Twin Peaks. Photo courtesy of The Eagle
Everyone who is anyone in surf goth was at the 9:30 Club on Wednesday night. The counter-trendy line of young fans noticed as Twin Peaks bassist Jack Dolan slipped past them, sporting his Addison Russell Cubs jersey, a sort of relic of the Chicago DIY scene that raised him.
Even though the mid-week show was headlined by GW’s favorite lo-fi surf rockers, Wavves, Twin Peaks were worthy of the praise they received that night, very well making it a co-headlined gig. When Wavves frontman Nathan Williams and the band finally stepped out on stage, the crowd seemed to grow older, 25-year-old superfans drunkenly pushing their way to the front to have a prime vantage point with crowd surfing access.
A couple hours before, an underrated, bass-heavy band Steep Leans left everyone confirming their name (string beans?) after a dark, dreamy set. Soon, Twin Peaks came out to tune their instruments. The guys seemed to be straight out of The Sandlot. They worked with their gear while ska tracks played into the crowd. Guitarist Cadien Lake James took off his bucket hat and the lifelong friends began jamming, as if playing in a basement for all their closest friends.
Twin Peaks’ joy-ridden, grimy, repetitive rhythms had the audience bobbing their heads to drummer Connor Brodner’s beat. “Good to be back in D.C.,” Cadien said.
They gave an raw but energetic performance, choppy in parts with a grungy quality that worked with the upbeat melodies. Cadien told everyone to pray for the Cubs. The band smirked to the crowd and played the night’s favorite “Telephone,” as groups of teenagers flung their hair and swayed. A sole man in a Hawaiian shirt who danced in front row to every single song, upped his jumping. Cadien burped into the mic and the crowd laughed. “Wow, so much love peace out dude,” guitarist Clay Frankel said.

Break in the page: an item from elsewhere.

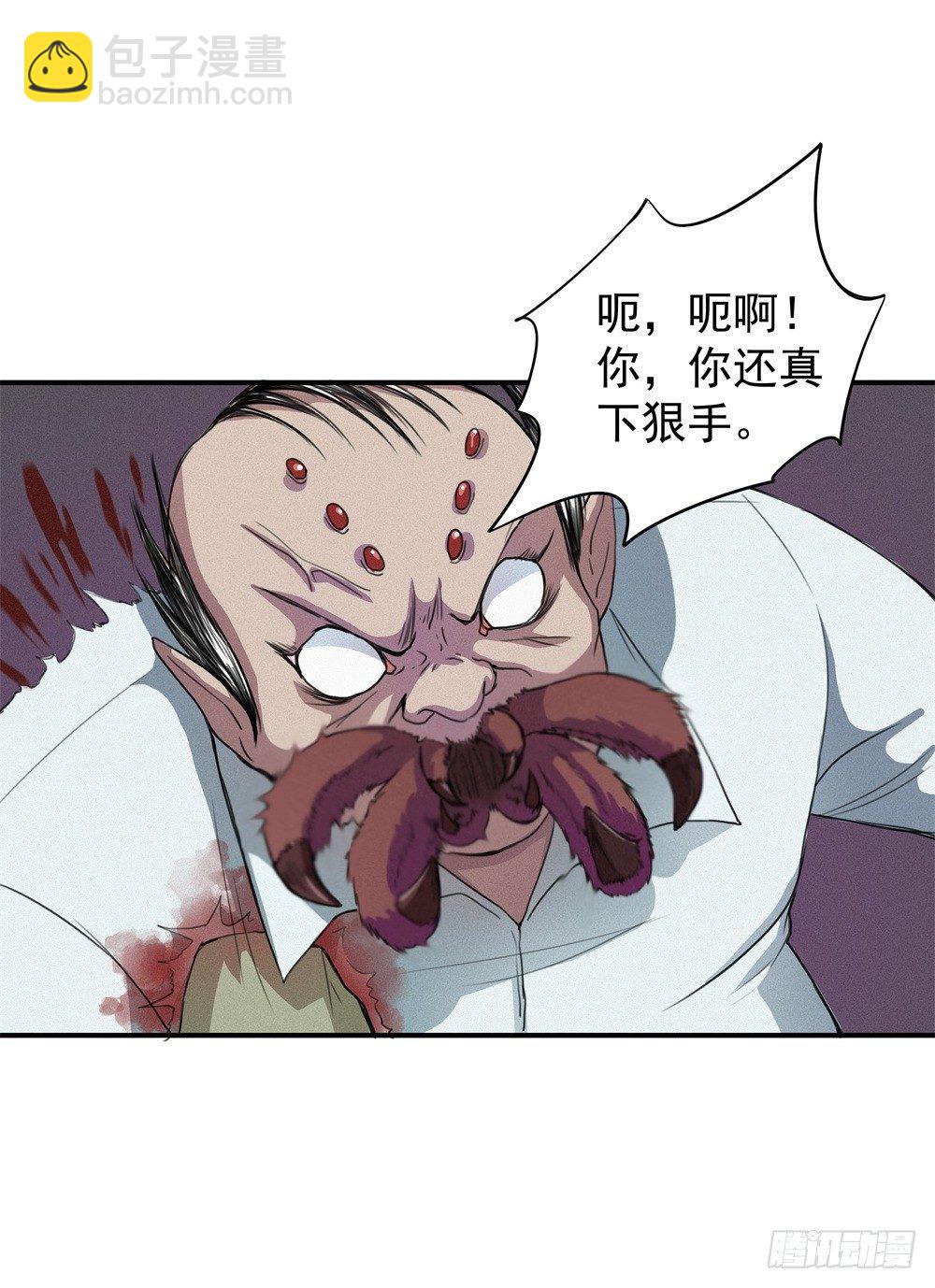 《世界上最倒霉的我》强力杀虫剂 第36页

The band pulled out a new one, Cadien’s deep, raspy vocals mixing with jazz and heavy drums. Twin Peaks achieved a powerful balance of instrumentation on “Flavor” and pure rock and roll, the type that comes only with three or more guitars, ran free. The guys followed it up with “Strawberry Smoothie,” keyboardist Colin Croom, on guitar this time, jumping up on the amps and strumming. The guys wrapped it up with Colin playing his keyboard over his head, the previously innocent, air-drumming crowd growing hysteric and starting to mosh.
Wavves fans continued this mosh pit without stopping once in the entire set, complete with repeat crowd surfers and the yelling of lyrics at their top of lungs. 9:30 Club security pulled arms and legs out of the crowd, even hydrating audience members with water poured from bottles of water.

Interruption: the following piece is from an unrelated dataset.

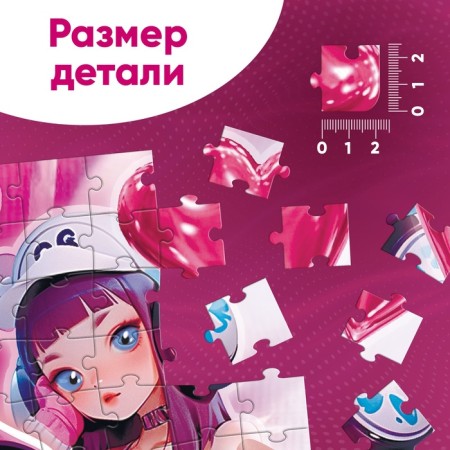 Puzzles, 160 elements-2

True, Wavves fans are crazy. But, the band itself does not rock lightly either. The set, though becoming a steady stream of similar song structure, lent itself to a fast-paced, productive run-through of their happily melodic and distorted discography. Drummer Brian Hill did not stop his quick pace on the sparkly pink drum kit, a white tiger sculpture watching carefully next to his snare. Bassist Stephen Pope’s wet-with-sweat curls flew every way covering Dolly Parton’s face on his thrifted shirt. Alex Gates strummed his fast, poppy and harmonious riffs and Nathan’s deadpan, high-pitched teen boy vocals excited the audience with every lyric.

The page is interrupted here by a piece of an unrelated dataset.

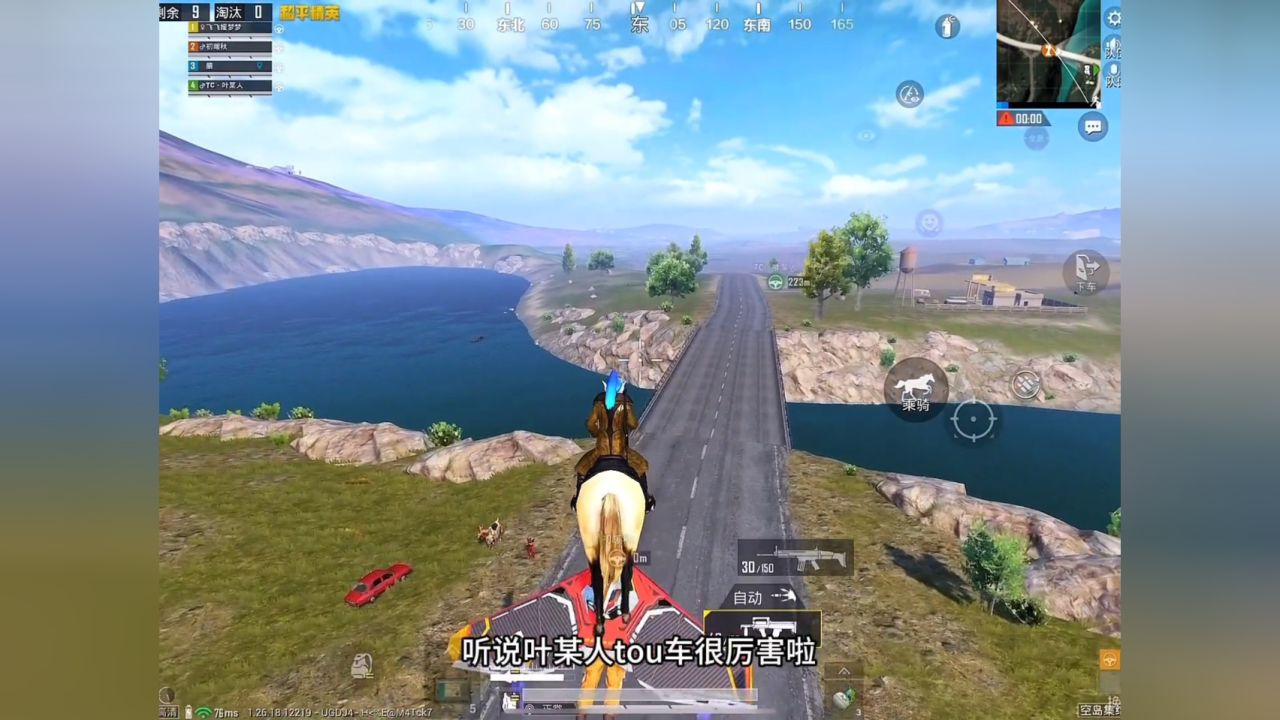 叶某人你敢接受我的挑战吗法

The set list was a nice assembly of songs from the much-anticipated “V” album and old classics like “Afraid of Heights” and “Green Eyes.” Though they released the album just a few days before the show, the Wavves fans still knew all of the words, creating the chorus. The new introspective and dark fuzz melodies mixed with the band’s dynamism on stage and bouncy, catchy lyrics left the crowd with warm hearts. That, and the feeling that maybe D.C. has a little surf goth within its city limits.